The entries that follow include a run beginning at the line with "vznikajú futbalové tresty" and ending at the line with "I'm A Proud"; restate that run word for word and leave the rest out.
** Opening Records provided block **
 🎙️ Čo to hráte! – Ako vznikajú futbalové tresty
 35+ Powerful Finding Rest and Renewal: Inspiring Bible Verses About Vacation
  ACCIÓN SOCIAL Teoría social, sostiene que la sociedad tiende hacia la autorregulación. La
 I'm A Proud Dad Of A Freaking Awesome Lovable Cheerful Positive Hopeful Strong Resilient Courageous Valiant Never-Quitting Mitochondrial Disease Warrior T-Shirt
** Closing Records provided block **
** Opening Records provided block **
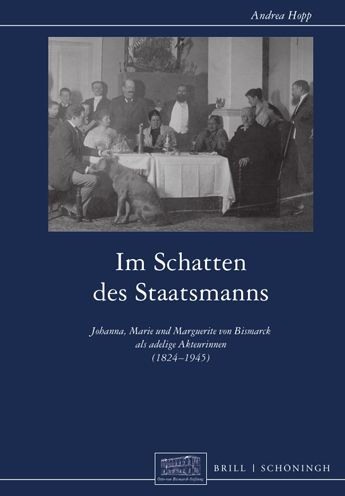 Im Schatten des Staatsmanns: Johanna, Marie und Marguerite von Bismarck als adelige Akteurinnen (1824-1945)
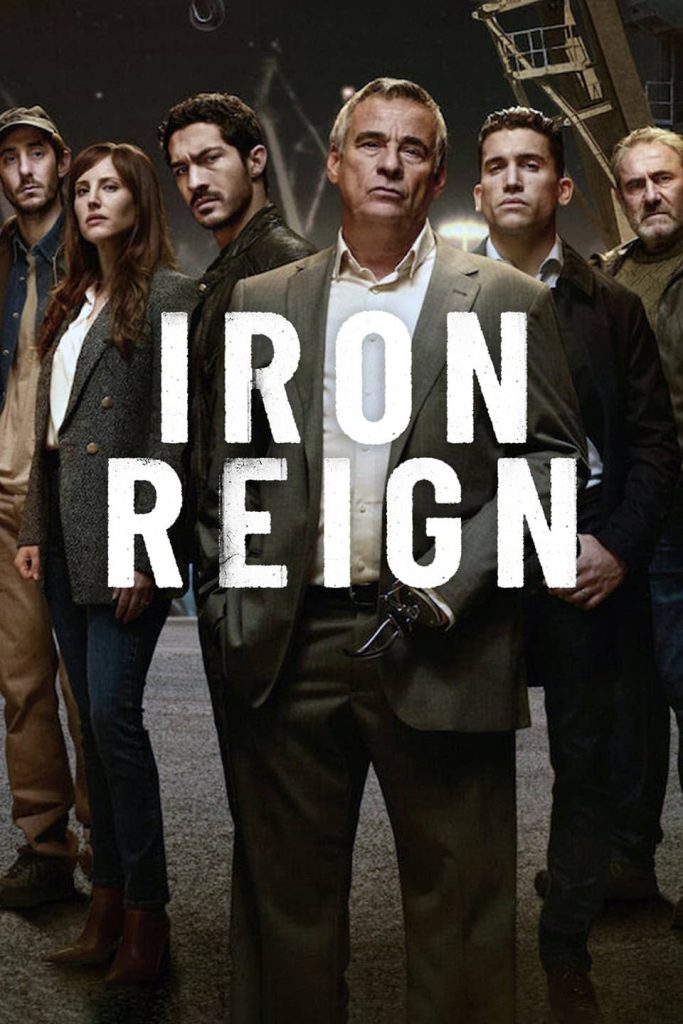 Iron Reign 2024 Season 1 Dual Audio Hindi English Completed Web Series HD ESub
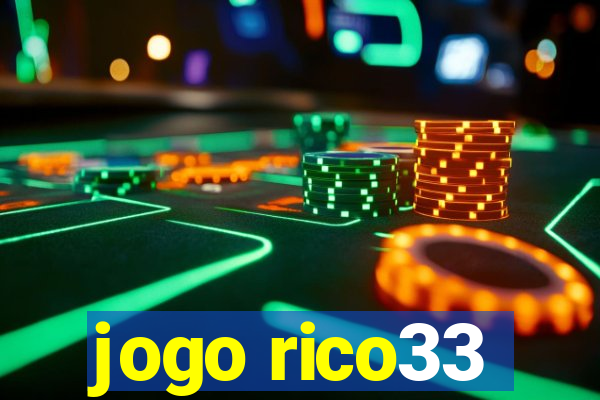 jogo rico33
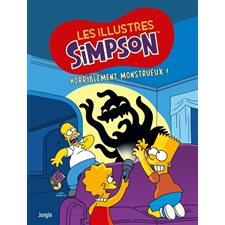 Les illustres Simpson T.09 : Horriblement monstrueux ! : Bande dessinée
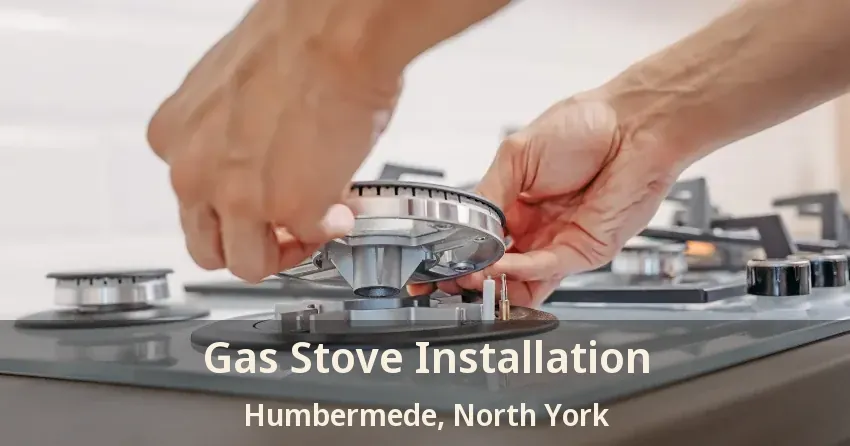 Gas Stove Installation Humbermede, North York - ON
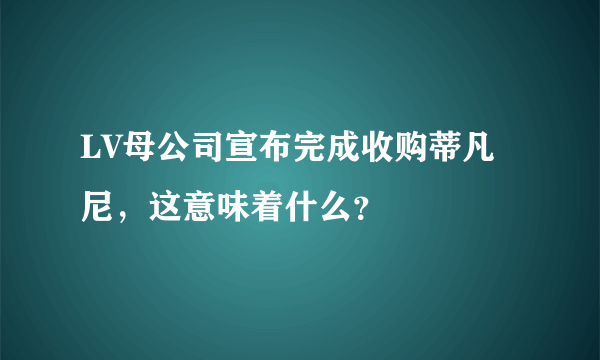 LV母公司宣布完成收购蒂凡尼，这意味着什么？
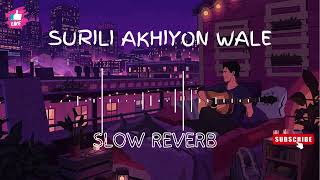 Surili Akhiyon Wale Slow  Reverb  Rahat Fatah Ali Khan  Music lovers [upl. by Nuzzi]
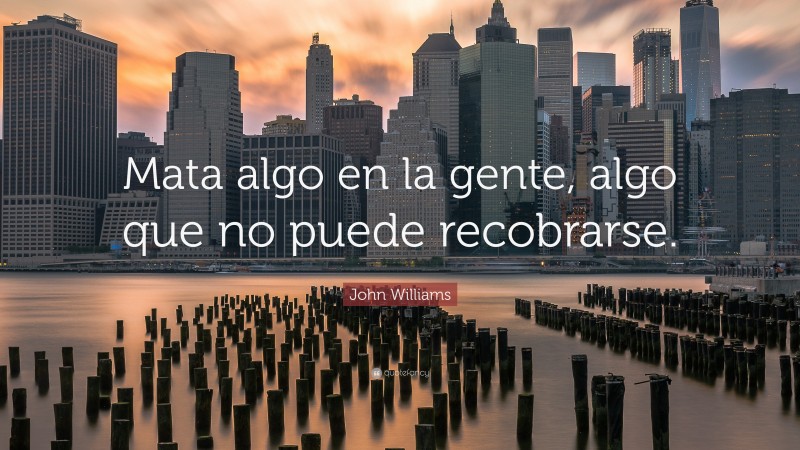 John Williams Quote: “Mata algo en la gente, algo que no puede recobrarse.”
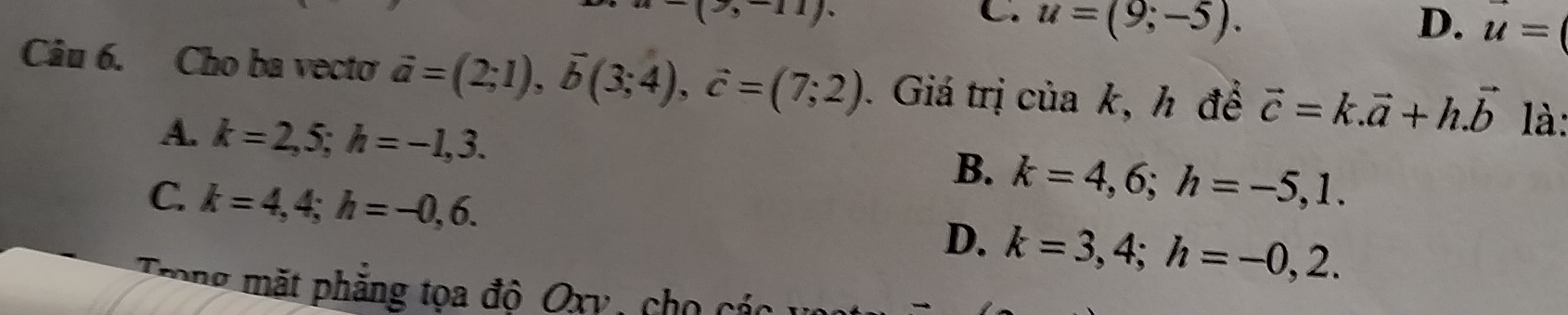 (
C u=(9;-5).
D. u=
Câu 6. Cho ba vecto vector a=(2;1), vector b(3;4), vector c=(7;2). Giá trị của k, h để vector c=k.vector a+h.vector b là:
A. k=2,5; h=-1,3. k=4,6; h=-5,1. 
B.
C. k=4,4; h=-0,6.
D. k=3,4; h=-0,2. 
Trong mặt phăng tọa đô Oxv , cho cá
** Closing Records provided block **
Written answer –
 🎙️ Čo to hráte! – Ako vznikajú futbalové tresty
 35+ Powerful Finding Rest and Renewal: Inspiring Bible Verses About Vacation
  ACCIÓN SOCIAL Teoría social, sostiene que la sociedad tiende hacia la autorregulación. La
 I'm A Proud Dad Of A Freaking Awesome Lovable Cheerful Positive Hopeful Strong Resilient Courageous Valiant Never-Quitting Mitochondrial Disease Warrior T-Shirt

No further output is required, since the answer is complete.